Bu davayla sadece ben ve benim tiyatro dünya görüşüm yargılanmıyorum; "Türkiye Tiyatro Tarihi" de yargılanmış oluyor. Örnekse, "Oyuncuların çoğu yavşaktır genellikle..." kem sözünü kullanarak, bütün opera oyuncularını, bütün sinema oyuncularını, bütün televizyon oyuncularını, bütün tiyatro oyuncularını töhmet altında bırakan Nihat Haluk Bilginer, bu kem sözüyle, herhangi bir özne kullanmamış, herhangi bir kişinin adını vermemiş olduğu için, "hukuksal bir kurnazlık yaparak" yargılanmaktan kurtulmuş, ancak, kendisine "yavşak" dediğim için, ben yargılanarak ceza almıştım. "Yavşak davası" ile ilgili olarak ülkemizdeki bütün yargılanma süreci sona erdiği için, içime hiç sinmese de, sona eren bu davayı, tabii ki, Avrupa İnsan Hakları Mahkemesi'ne taşımayı düşünüyorum.

Ancak...

Ülkemizdeki yargıçlar, herhangi basit bir davaya asla ve kesinlikle benzemeyen, "Türkiye Tiyatro Tarihi" konusunda belge oluşturacak böyle davaları ellerine aldıklarında, sadece hukuksal duyarlılıklara değil, aynı zamanda estetik, tarihsel ve toplumsal duyarlılıklara da çok büyük özen göstermelilerdir.

İmdi...

Müşteki Mustafa Şükrü Demirkanlı ile aramızdaki hukuksal süreci, karşılıksız çek, hafif yaralama, işyerindeki sekretere taciz uygulaması yada benzeri basit ve çok rastlanan bir dava olarak görmemenizi istememin başat nedenlerini sıralıyorum:

1) Size daha önceleri sunmuş olduğum belgelerde görebileceğiniz yada yeni belgeler istediğinizde derhal sunabileceğim gibi, Mustafa Şükrü Demirkanlı, benim hakkımda "BİRİNCİ LİNÇ KAMPANYASI" düzenlemiş bulunan Burak Caney adlı sanal kişinin kendisi yada çok yakın arkadaşlarından biridir.

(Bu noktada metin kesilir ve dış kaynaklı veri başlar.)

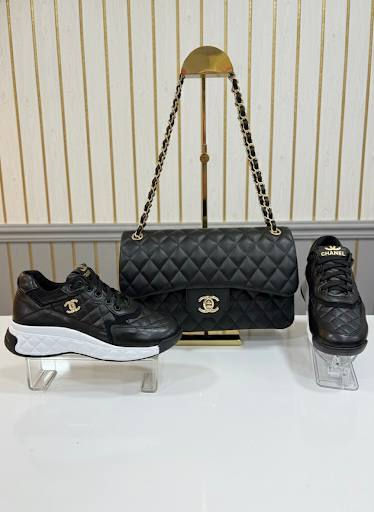 Thumbnail: Sneakers & Bag M3300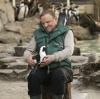 Der Kommissar und die Pinguin-Dame: Bei seinen Undercover-Ermittlungen im Zoo schließt  „Tierpfleger“ Frank Thiel (Axel Prahl) den Pinguin Sandy in sein Herz.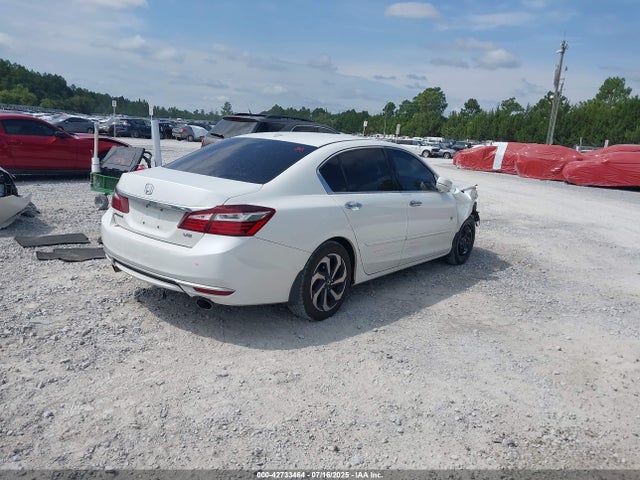 Honda j35y1 2016 1HGCR3F80GA014455 Image 4
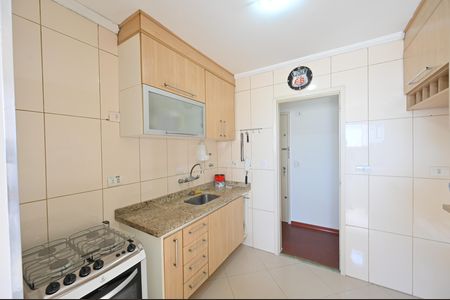 Apartamento para alugar com 76m², 2 quartos e 1 vagaCozinha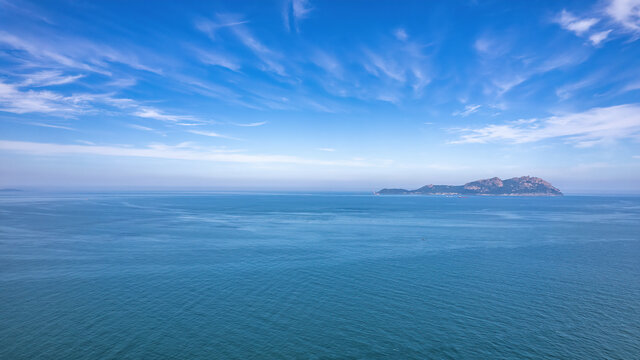 航拍海岛何海洋图片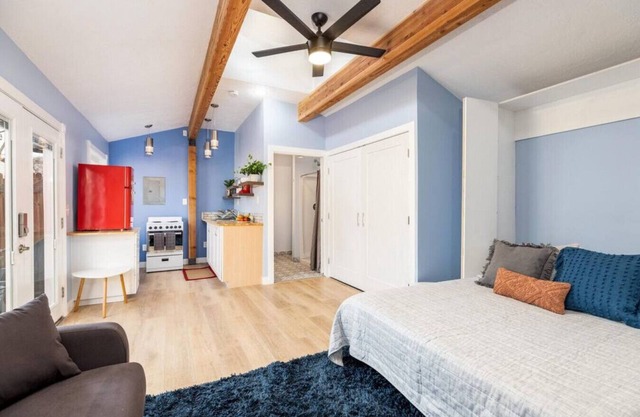 Adorable & Pet Friendly-Close to U and Downtown!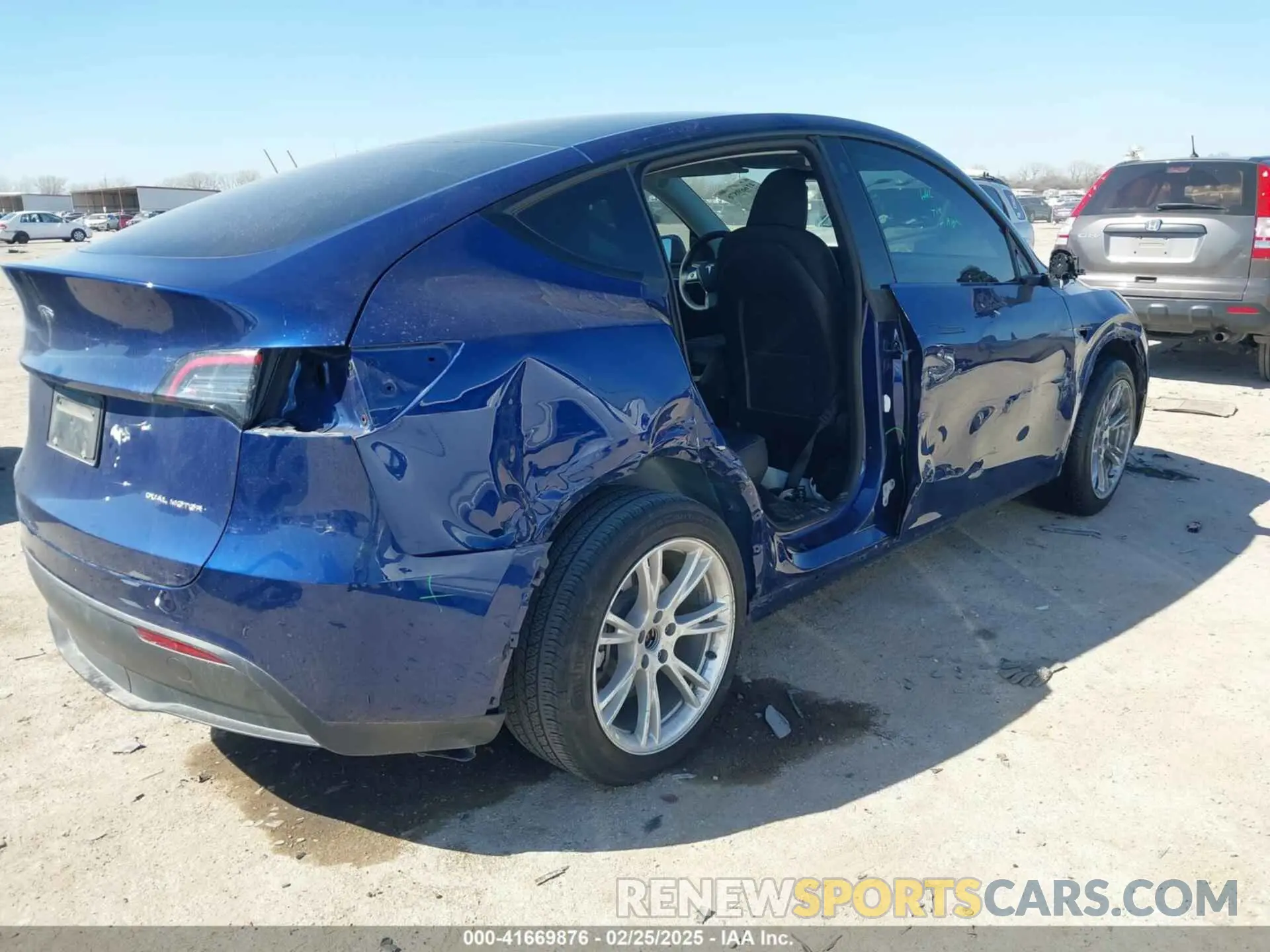 6 Photograph of a damaged car 7SAYGDEE3PA047108 TESLA MODEL Y 2023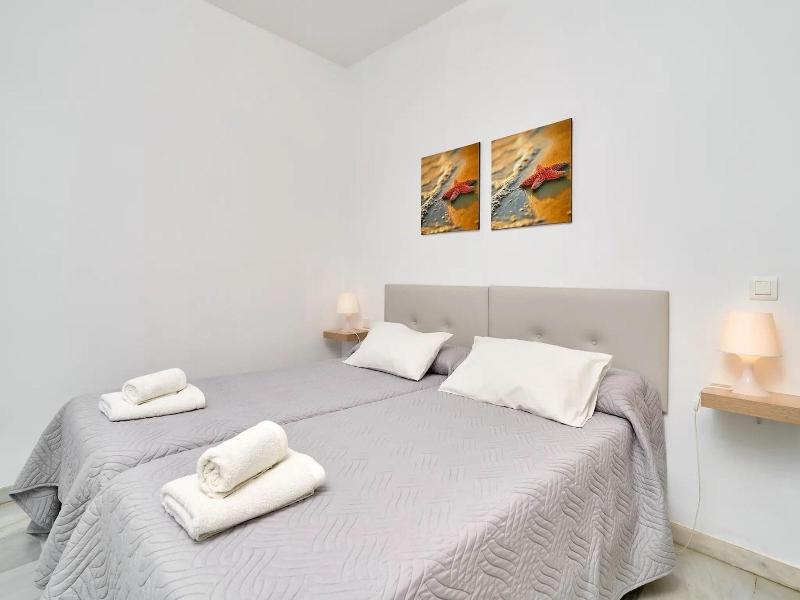 Apartamentos Tura Sticos Almoraide image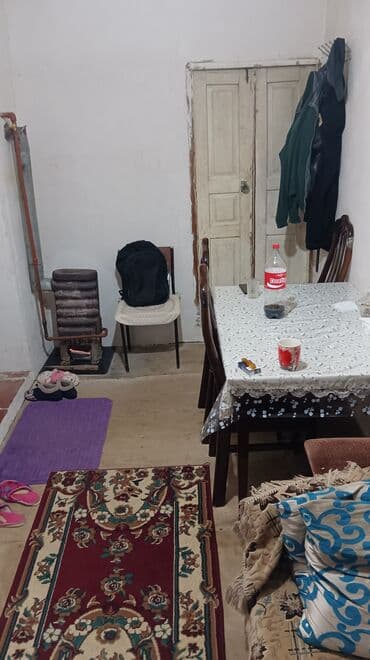 Otel və hostellər: Kohne Corat merkezden 100 addım aralıda 4 otaqlı ev satılır hec bir lalafo.az -da — 8 Otel və hostellər: Kohne Corat merkezden 100 addım aralıda 4 otaqlı ev satılır hec bir — 8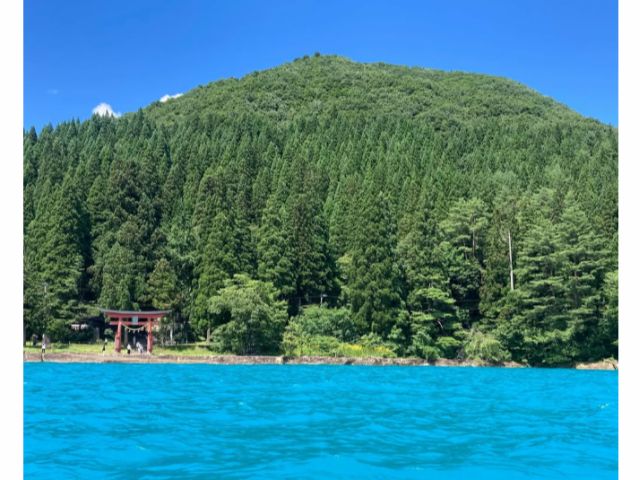 \青空と湖のコントラストが映える写真映えスポット/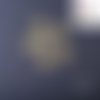 Breloque estampe feuille dorée 17mm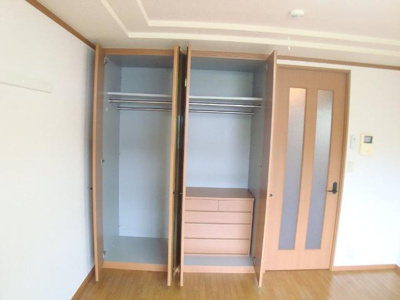 【収納】 | マコズ・アベニュー | クローゼット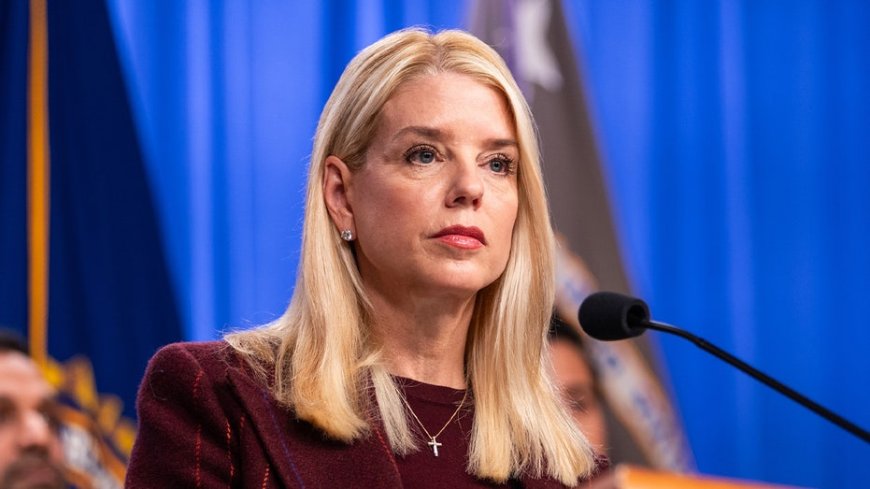 Pam Bondi defends seizing reporter's devices over alleged classified leaks involving foreign adversary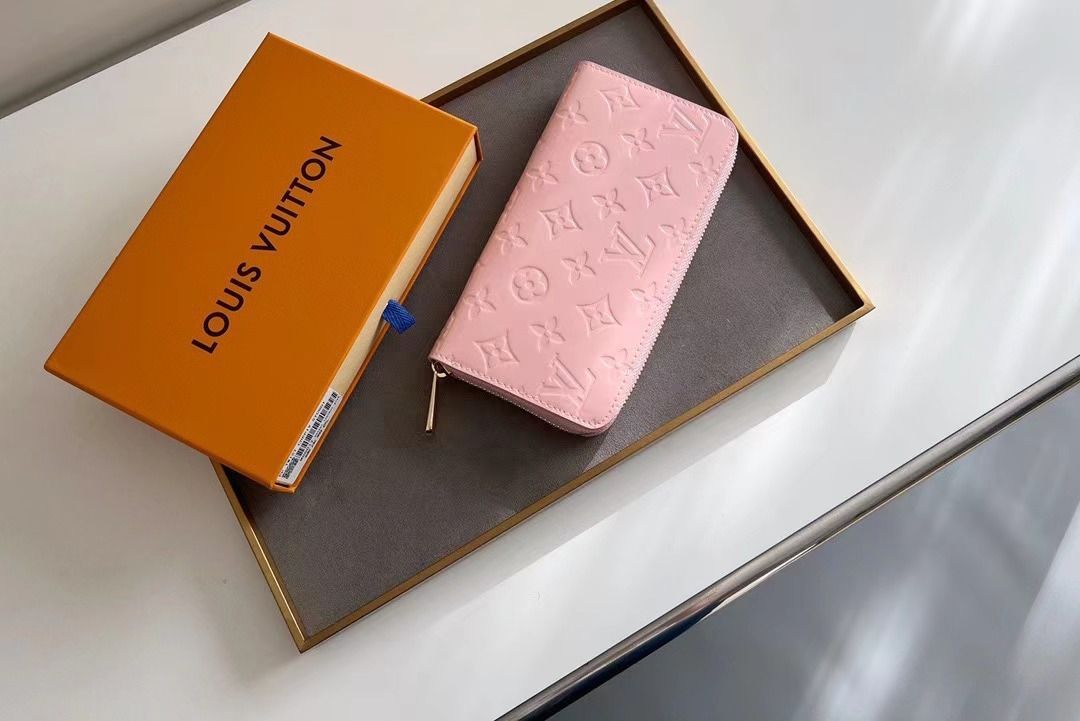 LOUIS VUITTON 未使用 ピンク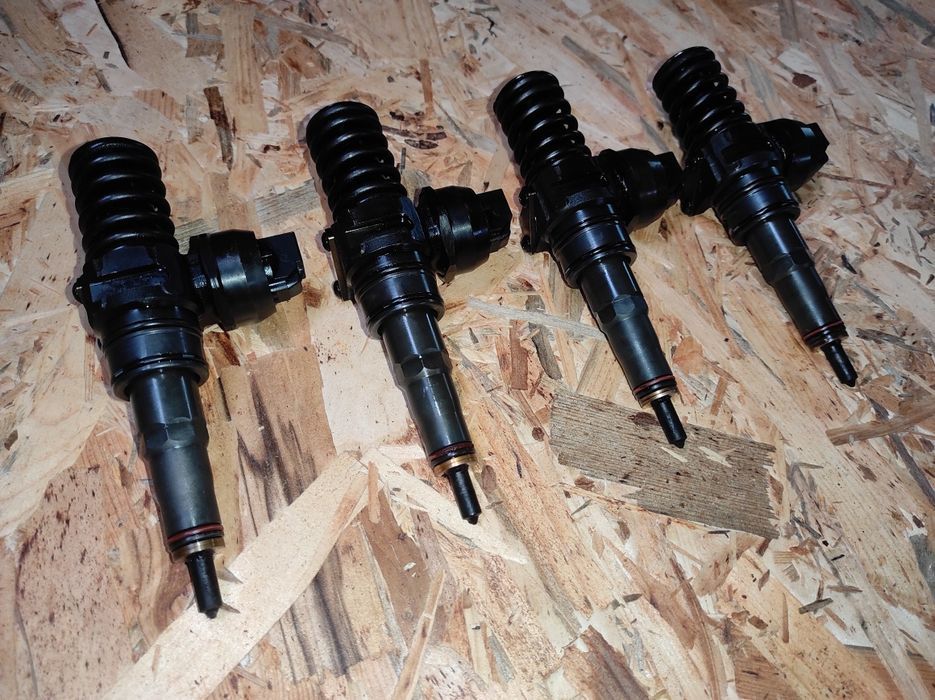 Б/у форсунка BOSCH Skoda Octavia VW Audi 038130073BQ-0414720312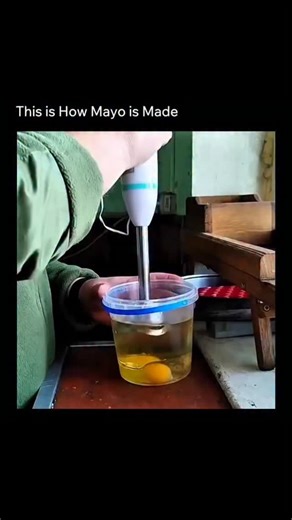 𝗘𝘅𝗽𝗹𝗮𝗶𝗻𝗲𝗿 📌 on Instagram: "Mayonnaise is created through a process called emulsification — the blending of two liquids that normally don’t mix: oil and water. The key ingredient is the egg yolk, which contains lecithin, a natural emulsifier that binds the oil and vinegar (or lemon juice) together. As the mixture is whisked or blended, tiny droplets of oil become suspended in the liquid, forming a thick, creamy texture. This simple chemical reaction transforms basic ingredients into one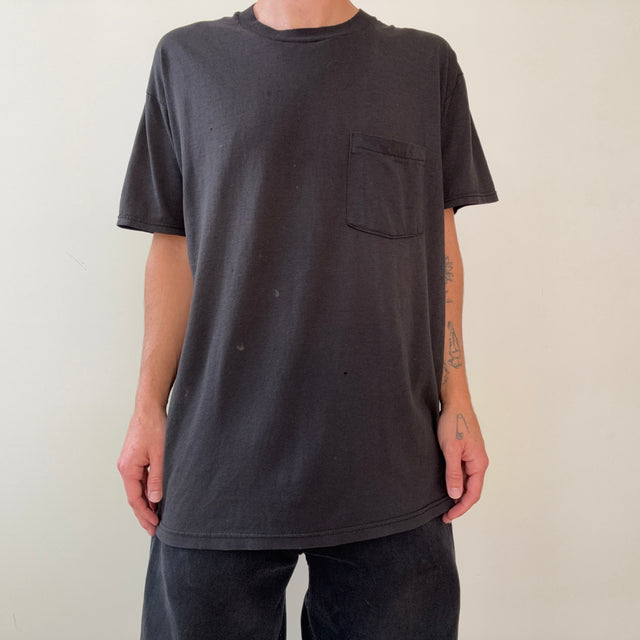 T-shirt teinté de peinture noire vierge des années 00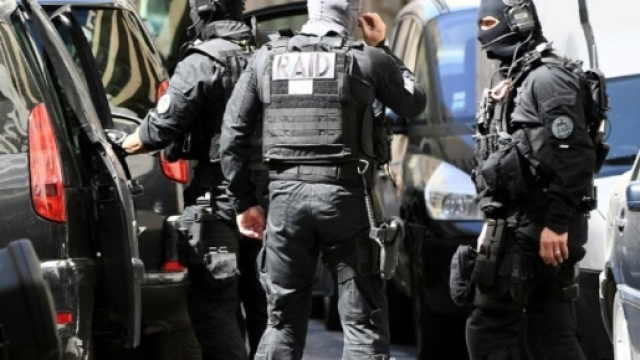 Attentat déjoué : les deux suspects arrêtés à Marseille présentés ... - liberation.fr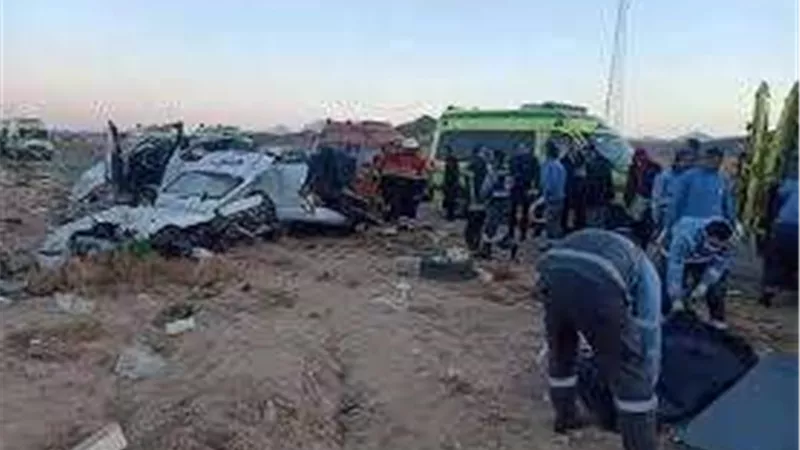 تصادم مروع بأسيوط يسفر عن 13 ضحية وإصابة اثنين بأسيوط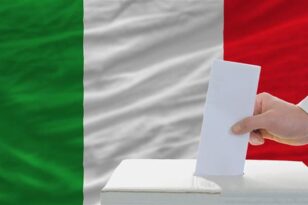 Ιταλία - δημοσκόπηση: Συνεχίζει «φαβορί» η συντηρητική συμμαχία
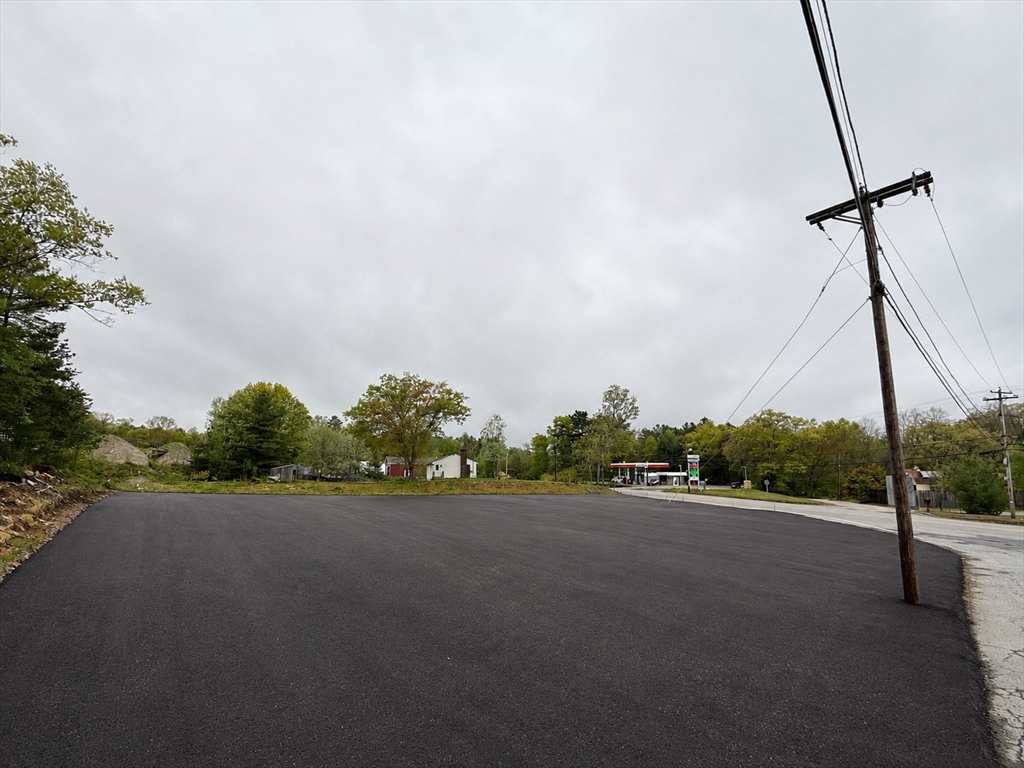 685 Quaker Hwy, Uxbridge, Massachusetts, ,Commercial Lease,For Rent,Quaker Hwy,73538796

Görülmekte olan bu dava, Burak Caney etmenini "es" geçerse, bence, estetik, tarihsel ve toplumsal işlevini tam anlamıyla yerine getirememiş olur.

2) Size sunmuş olduğum belgelerde çok net bir biçimde görülebileceği gibi, Mustafa Şükrü Demirkanlı, benim hakkımda "İKİNCİ LİNÇ KAMPANYASI" sürecini başlatarak, "1100 KİŞİLİK BİR LİNÇ ÖRGÜTÜ" kurmuştur. Bu davayı, basit bir dava olarak görmeyip, bu davanın, aslında bir "ÖRGÜT DAVASI" olduğunu duyumsamanızı ve bu yönde bir kanaat geliştirmenizi arzu ediyorum. Keza, Nihat Haluk Bilginer'in de desteğiyle yürütülen bu dava, inanıyorum ki, tarihsel gerçekliği yazan belgelerde mutlaka bu yönde yerini alabilecektir.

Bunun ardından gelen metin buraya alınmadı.